US envoy to the United Nations Samantha Power criticised the level of international support for nations hit by Ebola as she began a tour of west Africa on Sunday. -- PHOTO: REUTERS
US envoy to the United Nations Samantha Power criticised the level of international support for nations hit by Ebola as she began a tour of west Africa on Sunday. -- PHOTO: REUTERS

NEW YORK (AFP) - The US envoy to the United Nations criticised the level of international support for nations hit by Ebola as she began a tour of west Africa on Sunday.

Samantha Power said too many nations were praising the efforts of countries such as the United States and Britain to accelerate aid to the worst-affected countries, but were doing little themselves.

"The international response to Ebola needs to be taken to a wholly different scale than it is right now," Power told NBC News before boarding her plane to Guinea.

She said many countries "are signing on to resolutions and praising the good work that the United States and the United Kingdom and others are doing, but they themselves haven't taken the responsibility yet to send docs, to send beds, to send the reasonable amount of money".

After Guinea, Powers will travel to Sierra Leone and Liberia. Those three nations account for the vast majority of the 4,922 deaths from the virus. She will also travel to Ghana before meeting EU officials in Brussels.

More than 10,000 people have the Ebola virus, according to the latest World Health Organisation figures.

Another west African country, Mali, is scrambling to prevent a wider outbreak after a two-year-old girl died from her infection following a 1,000km bus ride from Guinea. She was Mali's first recorded case of the disease.

An American nurse who was placed in quarantine after caring for Ebola sufferers in Sierra Leone has complained she was made to feel "like a criminal".

Kaci Hickox, who later tested negative, was the first person to be placed under a mandatory 21-day quarantine for medical staff returning to parts of the United States who may have had contact with Ebola patients in west Africa.

The new rules took effect in New York and New Jersey on Friday, the same day Hickox returned.

"This is not a situation I would wish on anyone, and I am scared for those who will follow me," Hickox wrote in The Dallas Morning News.

"I am scared about how health care workers will be treated at airports when they declare that they have been fighting Ebola in west Africa.
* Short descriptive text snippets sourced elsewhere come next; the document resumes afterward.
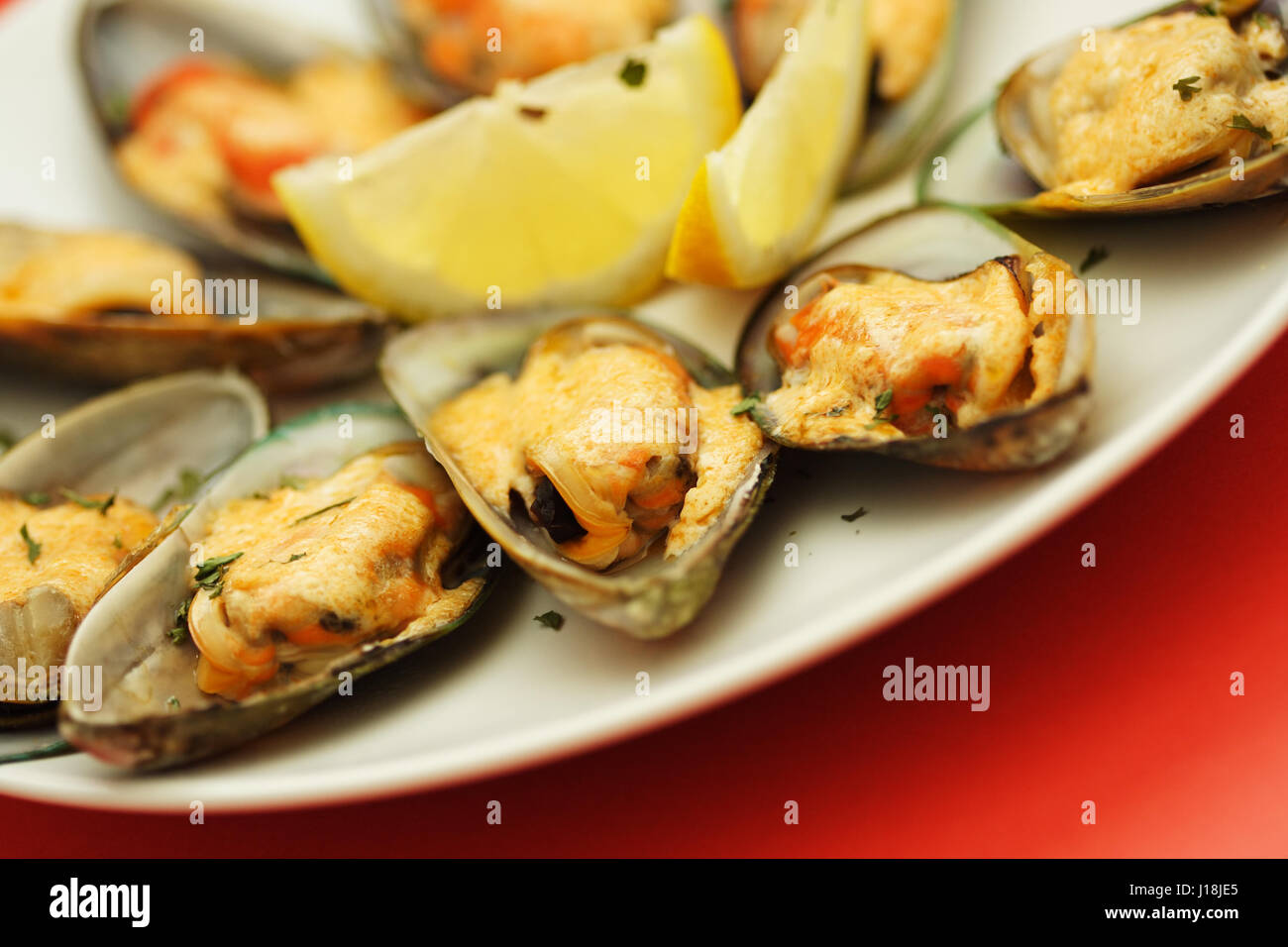 Baked mussels with mayonnaise Stock Photo Alamy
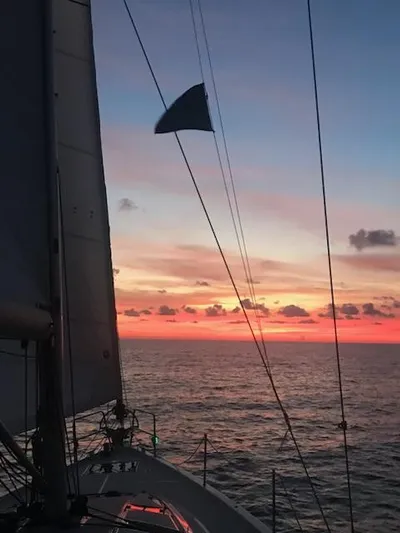  Yacht Photos Pics Jeanneau Sun Odyssey 51 sailing at sunset, 2017 model, with vibrant sky and ocean view.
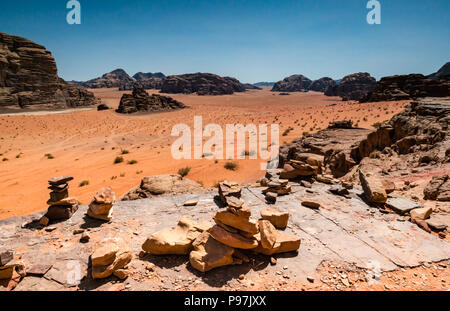 Vista da Lawrence's Castle Rock cliff attraverso Wadi Rum desert valley con inukshuks o lucci di pietre, Giordania, Medio Oriente Foto Stock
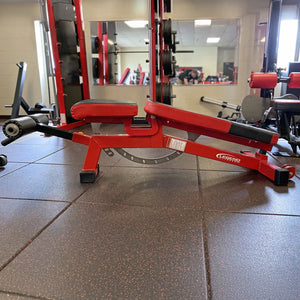 Red weight bench in a gym setting with mirrors reflecting other equipment.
I am scared that, like me, they will arrive and see a frenzy of disorganisation, fear and, most frightening, quarantine."

US President Barack Obama told Americans on Saturday that they must be "guided by the facts, not fear".

Obama sought to calm a jittery public by hugging Nina Pham, one of the two nurses who became the first to contract Ebola on American soil after treating a patient, but has now been declared free of the disease.

Australian authorities said Sunday a teenage girl was in isolation in hospital and undergoing tests for Ebola after she developed a fever following her arrival from Guinea.

The 18-year-old, who arrived in Australia 11 days ago with eight other family members, had been in home quarantine in Brisbane before she developed a "raised temperature" overnight, Queensland state chief health officer Jeannette Young said.

The WHO has warned the situation in Mali is an "emergency" after a girl died from Ebola following a bus ride from Guinea to Mali with her grandmother during which she was said to have showed contagious symptoms.

But Mali President Ibrahim Boubacar Keita tried to calm fears.

"We are doing everything to prevent panic," he said in an interview with French radio on Saturday.

"Since the start of this epidemic, we in Mali took all measures to be safe, but we can never hermetically seal ourselves from this," he said.

Mauritania meanwhile reinforced controls on its border with Mali, which led to a de facto closing of the border, according to local sources.